Menschen sind endliche Wesen. Unser Gehirn verfügt über eine endliche Anzahl von Neuronen, und wir interagieren während unseres endlichen Lebens mit endlich vielen Menschen. Dennoch hat der Mensch die bemerkenswerte Fähigkeit, sich das Unendliche vorzustellen. Diese Fähigkeit liegt Euklids Beweis zugrunde, dass es unendlich viele Primzahlen gibt; sowie dem Glauben von Milliarden Menschen, ihre Götter seien unendliche Wesen – frei von sterblichen Zwängen. 

Diese Ideen sind Papst Leo XIV. sicherlich bekannt, da er vor seinem Leben für die Kirche Mathematik studiert hatte. Leos Werdegang ist wahrscheinlich kein Zufall. Denn es gibt eine Verbindung zwischen Mathematik und Theologie. Die Unendlichkeit ist zweifellos für beide von zentraler Bedeutung.
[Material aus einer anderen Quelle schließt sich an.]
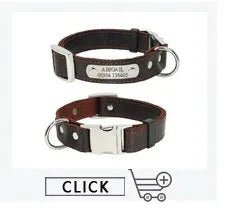 Personalized Dog Collar – Because Every Walk Is an Adventure That Deserves the Best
Praktisch alle mathematischen Objekte – wie Zahlen oder geometrische Formen – bilden unendliche Mengen. Und Theologen beschreiben Gott häufig als ein einzigartiges, absolut unendliches Wesen.

Trotz der Verwendung desselben Wortes besteht traditionell eine große Kluft in der Vorstellung, die Mathematiker und Theologen von der Unendlichkeit haben. Von der Antike bis zum 19. Jahrhundert glaubten Mathematiker, es gebe unendlich viele Zahlen, lehnten aber – im Gegensatz zu Theologen – die Idee einer absoluten Unendlichkeit entschieden1 ab. Ihr Grundgedanke: Sicherlich gibt es unendlich viele Zahlen, da wir immer weiter zählen können. Aber jede Zahl selbst ist endlich; es gibt keine unendlichen Zahlen. Was also abgelehnt wird, ist die Legitimität der Gesamtheit aller Zahlen als ein in sich geschlossenes Objekt. Denn die Existenz solcher Gesamtheiten führt zu logischen Paradoxien.

Ein Paradoxon des Unendlichen

Das einfachste Beispiel hierfür ist eine Version von Galileis Paradoxon, das zu scheinbar widersprüchlichen Aussagen über die natürlichen Zahlen 1, 2, 3 ... führt. Man beachte zunächst, dass einige Zahlen gerade sind, andere hingegen nicht. Folglich müssen die Zahlen – gerade und ungerade – zahlreicher sein als nur die geraden Zahlen 2, 4, 6 … Und doch korrespondiert zu jeder Zahl genau eine gerade Zahl. Um das zu sehen, multiplizieren wir einfach eine beliebige Zahl mit 2. Aber: Dann kann es nicht mehr Zahlen geben als gerade Zahlen. Wir kommen also zum widersprüchlichen Schluss, dass es mehr Zahlen gibt als gerade Zahlen; gleichzeitig gibt es hingegen nicht mehr Zahlen als gerade Zahlen. 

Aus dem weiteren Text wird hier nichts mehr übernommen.